On March 31, 2026, President Trump issued Executive Order 14399, “Ensuring Citizenship Verification and Integrity in Federal Elections, purportedly mandating new rules for mail-in ballots. This is the second time the president has issued an executive order related to elections. Three courts blocked implementation of the first executive order, holding that the Constitution assigns authority over elections to the states and Congress, not the president. The second executive order on mail voting is unconstitutional for the same reason.
This executive order contains three primary policy directives. First, the order directs the U.S. Postal Service (USPS) to refuse to deliver mail-in ballots to eligible voters unless they appear on a USPS-generated list of mail voters. It leaves the details of creating and populating that list to USPS. Second, it instructs the Department of Homeland Security to make a list of U.S. citizens in each state by combining data from several sources, despite none of those sources having comprehensive citizenship data and known flaws in that data. Third, it directs the attorney general to prosecute any individual, including election officials, who distribute federal ballots to ineligible voters.
On April 2, 2026, the Brennan Center and co-counsel American Civil Liberties Union (ACLU), ACLU of Massachusetts, Legal Defense Fund, Asian Americans Advancing Justice | AAJC, and LatinoJustice PRLDEF filed a federal lawsuit, League of Women Voters of Massachusetts v. Trump, to challenge the executive order. The suit was filed on behalf of the League of Women Voters of Massachusetts, League of Women Voters, Association of Americans Resident Overseas, U.S. Vote Foundation, OCA – Asian Pacific American Advocates, and Delta Sigma Theta Sorority, Inc.

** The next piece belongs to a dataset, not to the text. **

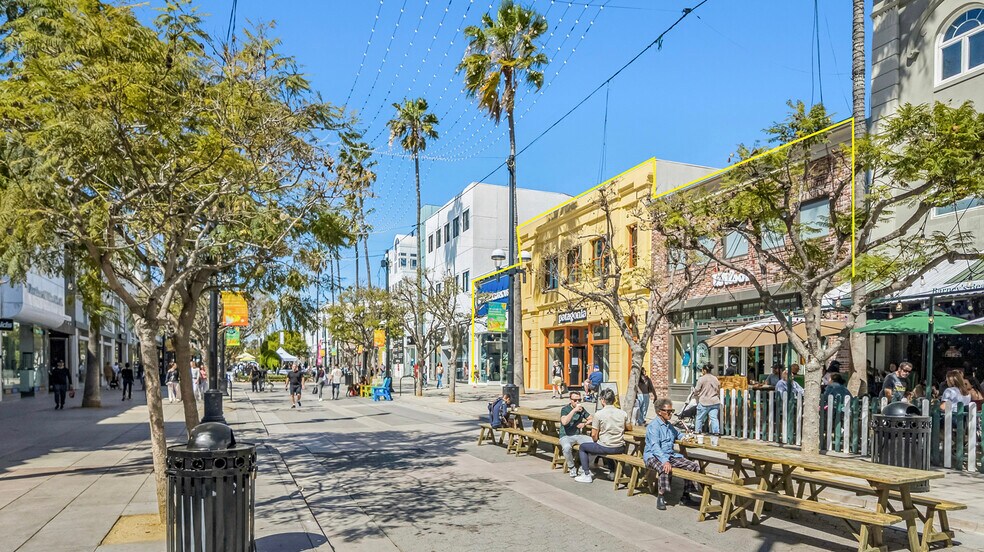 More Photos Of 1343-1349 3rd Street Promenade, Santa Monica Storefront For Sale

The lawsuit challenges the executive order’s mandate to create new rules for mail voting. The plaintiffs allege that the order violates the constitutional separation of powers because the President doesn’t have authority to set election rules. Only the states and Congress may do so. The plaintiffs also allege that the order oversteps the president’s authority by attempting to direct USPS, an independent agency, tasked by law with delivering all mail. The Constitution allocates authority over the USPS to Congress, not the president. Next, the plaintiffs argue that the order’s mail voting requirements would impose an undue burden on voters in violation of the Constitution’s protections of the right to vote. The plaintiffs further claim that the order violates the Tenth Amendment by threatening not to deliver mail-in ballots unless states alter their election procedures, violates the Voting Rights Act by preventing eligible people from voting, and fails to satisfy the requirements and protections of the Privacy Act.